What is needed is an exact reproduction of the listing, without its pictures.
*** Opening of Supplied material ***
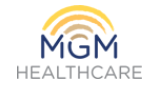 MGM Healthcare logo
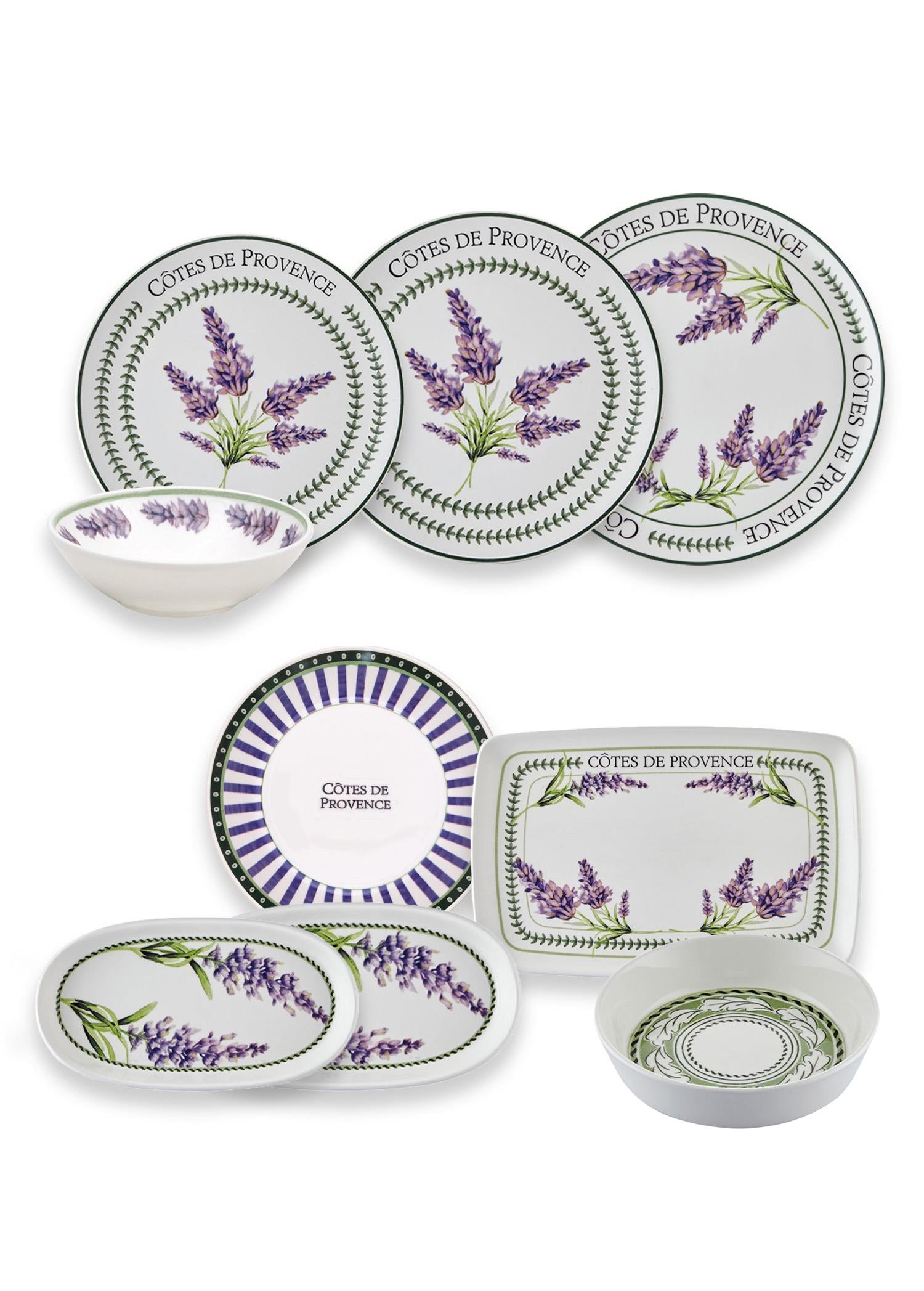 Provence Yemek Takımı 6 Kişilik 31 Parça Set 2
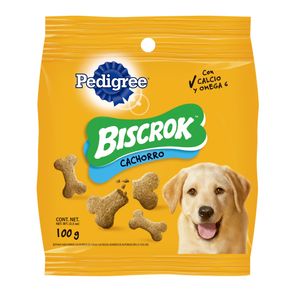SNACK PEDIGREE BISCROK CACHORRO*100GR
*** Close of Supplied material ***
### Solution
 MGM Healthcare logo
 Provence Yemek Takımı 6 Kişilik 31 Parça Set 2
SNACK PEDIGREE BISCROK CACHORRO*100GR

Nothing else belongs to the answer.